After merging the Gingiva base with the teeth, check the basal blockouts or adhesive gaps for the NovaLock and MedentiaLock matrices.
--
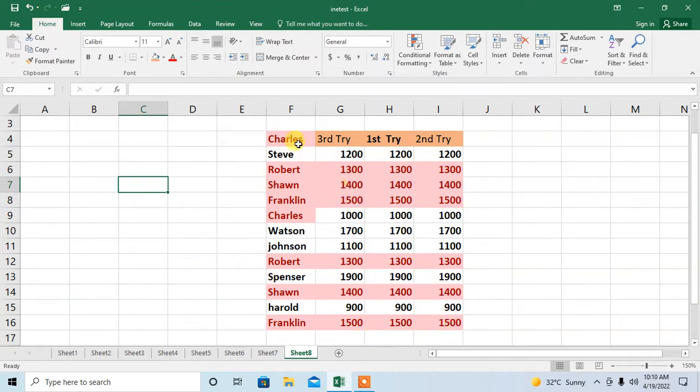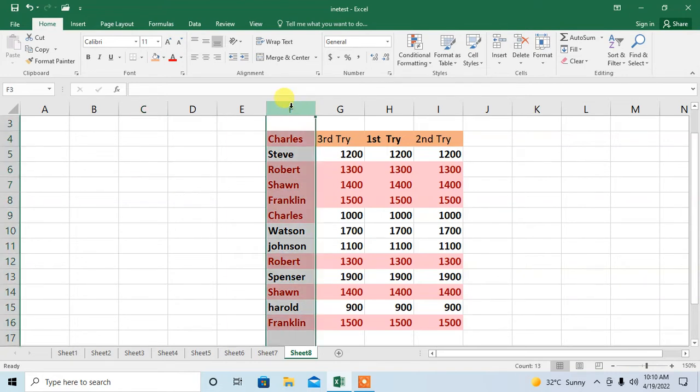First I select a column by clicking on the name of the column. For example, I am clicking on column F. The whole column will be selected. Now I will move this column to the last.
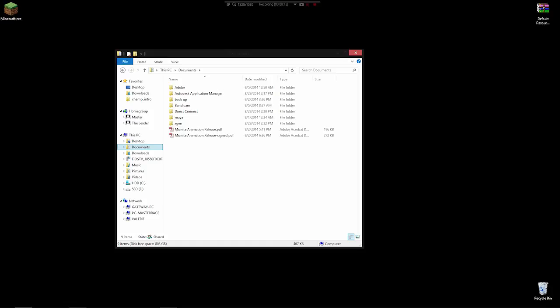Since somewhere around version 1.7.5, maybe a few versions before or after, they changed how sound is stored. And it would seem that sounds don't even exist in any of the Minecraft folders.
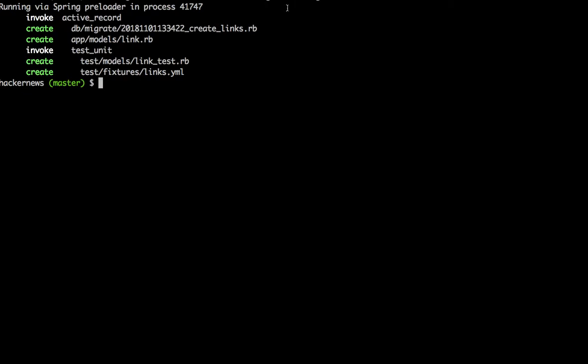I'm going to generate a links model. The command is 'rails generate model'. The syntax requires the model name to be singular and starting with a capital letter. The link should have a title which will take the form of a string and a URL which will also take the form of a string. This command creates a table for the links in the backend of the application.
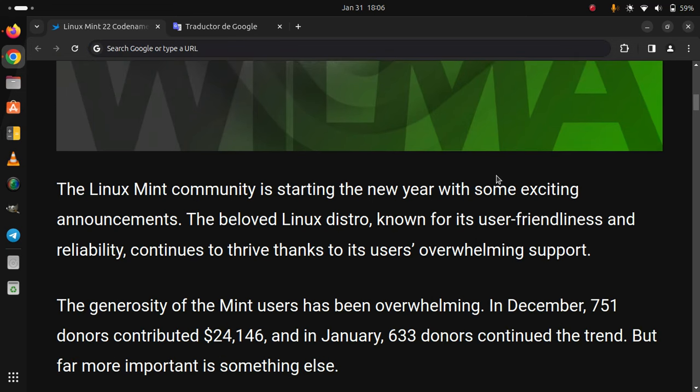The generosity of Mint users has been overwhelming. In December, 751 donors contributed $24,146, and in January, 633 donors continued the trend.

Your goal:
Keep to the stretch from the line containing "First I select" through the line containing "The generosity of", both ends included, and copy it exactly from the listing above, minus the pictures.

Result below:
First I select a column by clicking on the name of the column. For example, I am clicking on column F. The whole column will be selected. Now I will move this column to the last.
Since somewhere around version 1.7.5, maybe a few versions before or after, they changed how sound is stored. And it would seem that sounds don't even exist in any of the Minecraft folders.
I'm going to generate a links model. The command is 'rails generate model'. The syntax requires the model name to be singular and starting with a capital letter. The link should have a title which will take the form of a string and a URL which will also take the form of a string. This command creates a table for the links in the backend of the application.
The generosity of Mint users has been overwhelming. In December, 751 donors contributed $24,146, and in January, 633 donors continued the trend.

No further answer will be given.